| Course |
CSE371 |
| Title |
Logic |
| Credits |
3 |
| Course Coordinator |
Anita Wasilewska |
| Current Catalog Description |
A survey of the logical foundations of mathematics: development of propositional calculus and quantification theory, the notions of a proof and of a model, the completeness theorem, Gödel's incompleteness theorem.
This course is offered as both CSE 371 and MAT 371.
|
| Prerequisite |
CSE 150 or CSE 215 or MAT 200
|
| Course Goals |
- Present the systems of classical propositional and predicate logic, including a full development of syntax, semantics, and proof techniques.
- Discuss the connection between semantic and syntactic concepts, e.g., truth versus proof, by exploring the soundness and completeness of calculi for these logics.

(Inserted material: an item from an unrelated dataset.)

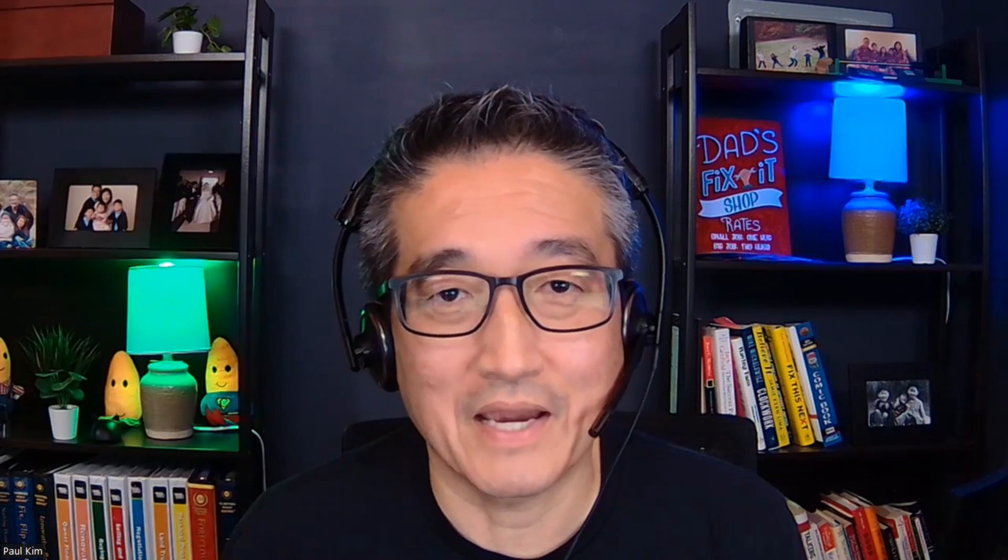All right, so as you can see, this is a very powerful feature that you can utilize to separate your transactional emails as well as your marketing emails. All right, so I hope this video was helpful. And until the next product update, I'll see you next time. Bye.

- Enhance the students abstract reasoning skills through experience with formal proofs.
- Examine some non classical logics and their use in Computer Science together with basic automated proving methods and formal systems.
|
| Textbook |
- Anita Wasilewska, Logic for Computer Science, Chapters 1- 15, Distributed to Students.
- A Friendly Introduction to Mathematical Logic, Christopher Leary, Prentice Hall 2000
|
| Major Topics Covered in Course |
- Syntax and Semantics for Classical and various non-classical propositional logics.
- Two proofs of Completeness Theorem for classical propositional Logic.
- Automated Theorem proving systems for classical, intuitioinistic amd modal S4, S5 logics.
- Constructive Completeness Theorem proofs.
- First Order Classical Logic; syntax and semantics.
- Proof of Completeness Theorem.
- Formal Theories based on first order logic; Peano Arithmetic.
- Discussion of Godel Incompleteness and Inconsistency results.
|
| Laboratory Projects |
Not applicable since it is a theory course.